Yawnoc: Pretty much a daily deposit of comment spam. The front pagers usually clean it up quickly.
Huh, never refreshed at the wrong time before
I can't believe comment spam is still a thing. Crazy how incentives created by Google fucked up the open part of the internet so bad.
Watching Simon Le Bon performing is a good way to really have it hit you that 1982 was forty years ago.
We watched Glass Onion. It was great! Daniel Craig's southern accent was so bad that I thought it was going to be some kind of plot twist that he wasn't actually southern. But aside from that, great!
He had the same accent in the first one.
I thought it was a Foghorn Leghorn thing but the internet says no.
You gotta see the first one!
really have it hit you that 1982 was forty years ago
I'm still internalizing that the 21st century, which just [expletive] began, is nearly a quarter of the way done.
In 3.5 years the US will be 250 years old. I'm really curious what that will look like. I don't remember the bicentennial, but my impression is that it was an occasion for a hokey patriotism which feels further removed from contemporary politics.
I was in elementary school during the bicentennial and we had a little parade where the kids dressed like founding-era figures. I don't remember who I was supposed to be but I was marching beside Betsy Ross.
Thankfully my kids will be surly teens by 2026 so I probably won't have to endure too much hokeyness.
Where will Leonardo DiCaprio live when the US turns 250? Montenegro?
57: it is truly weird that the Falklands War was closer to WW2 than to the present day.
59: I was really annoyed I missed Glass Onion in cinemas but we watched it online the other day and it was not good. Very, very slow, and a distinct drop in quality from Knives Out.
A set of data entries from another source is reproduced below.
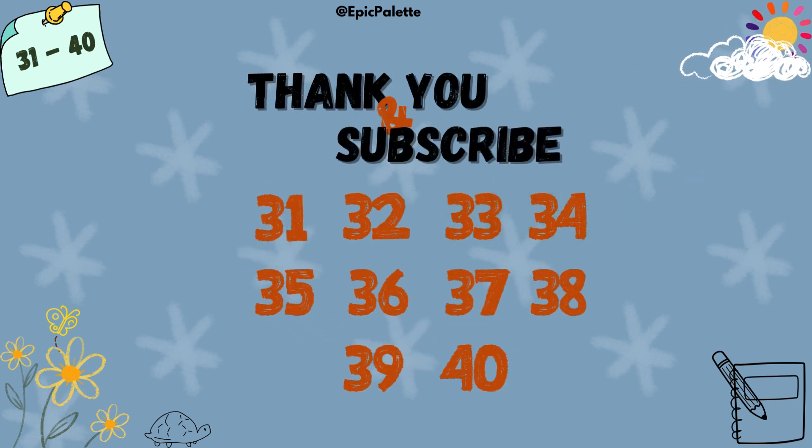Great job, kids! You did an amazing job counting and spelling numbers from 31 to 40. Keep practicing, and you'll become number experts in no time. See you next time, and don't forget to subscribe to our channel.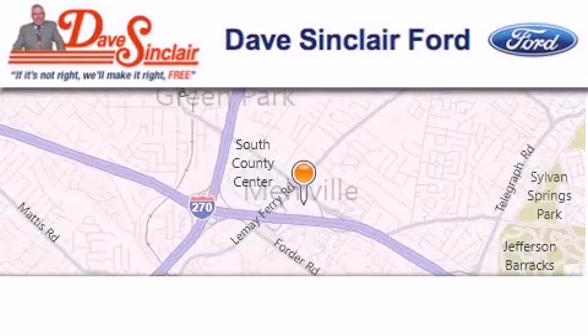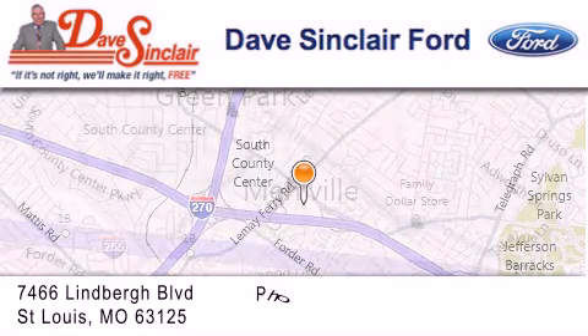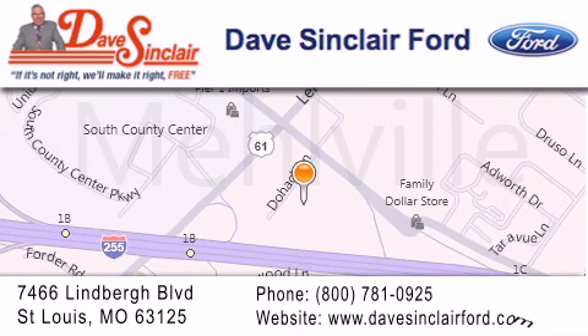Dave Sinclair Ford is located at 7466 Lindbergh Blvd in St. Louis. Our goal is to exceed all of your expectations to ensure that you will return for future visits.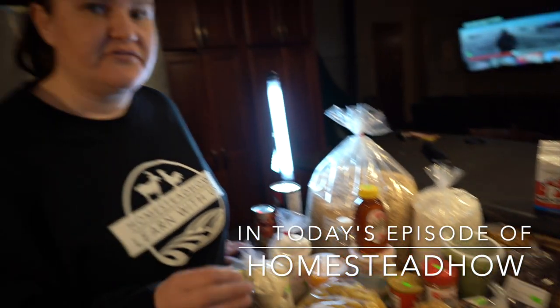Hey guys, it's Jen from Homestead How. In today's video I'm going to show you how to bulk grocery shop and save a ton of money on your homestead by going to an Amish grocery store. We frugally shop at Aldi's, we frugally shop at Costco, sometimes Walmart, but this is by far the most that we bought for the cheapest and at bulk prices.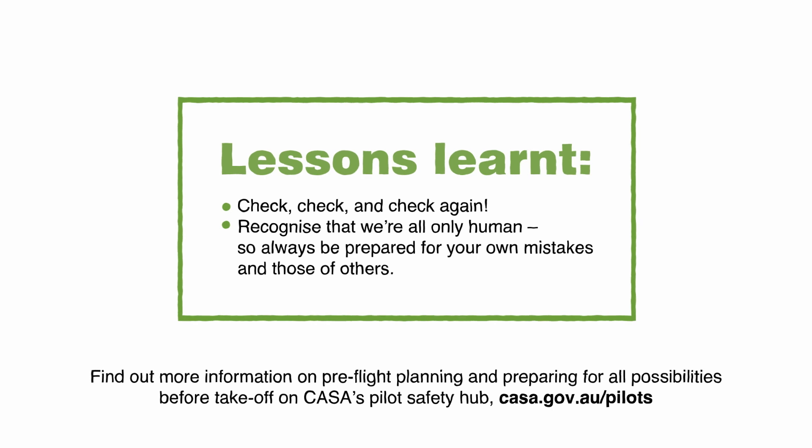Find out more information on pre-flight planning and preparing for all possibilities before takeoff on CASA's Pilot Safety Hub at casa.gov.au.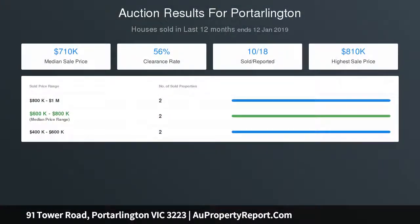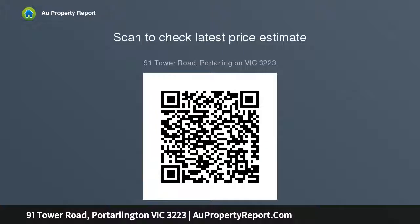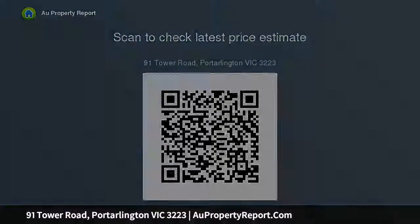Two generous-sized bedrooms with built-in robes both face onto the front decking area, and the first thing you see in the mornings is magnificent views. The generous-sized laundry leads out to a quaint sitting room, perfect for that quiet time to relax. The secure front yard is your backyard and offers total privacy from the road.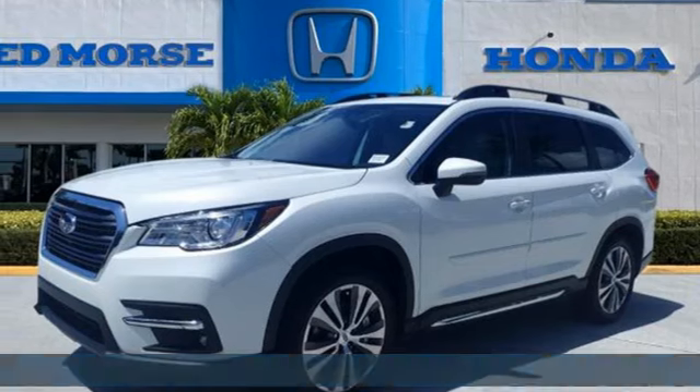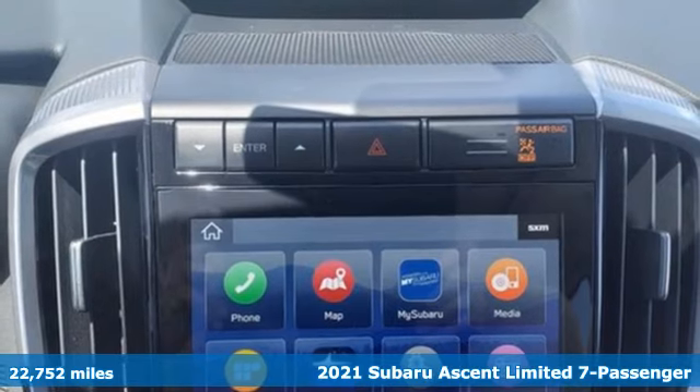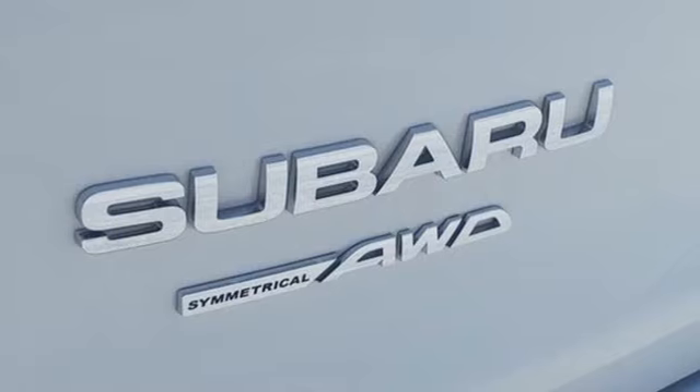It's a 2021 Subaru Ascent. It's for all the places you need to go and things you need to do with all the people you need along. Plus, it offers an exciting list of features.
And you have to care about characters for a film to work! I'm really not sure I minded that one obnoxious incredibly rich tech person had a murderous grudge towards another obnoxious incredibly rich tech person.
The heroine in Knives Out was literally a nice person. No one in Glass Onion was a nice person and the supposed heroine wasn't even the least unpleasant of them. She was the worst person there apart from the actual murderer!
73 confuses me, but I feel bad risking spoilers for others if I were to respond. Janelle Monae's character isn't nice? maybe we can be circumspect.
74: no, definitely not nice. She does a terrible thing at the end of the film, purely out of spite. The other characters are all just rather selfish and unprincipled, but she is truly awful.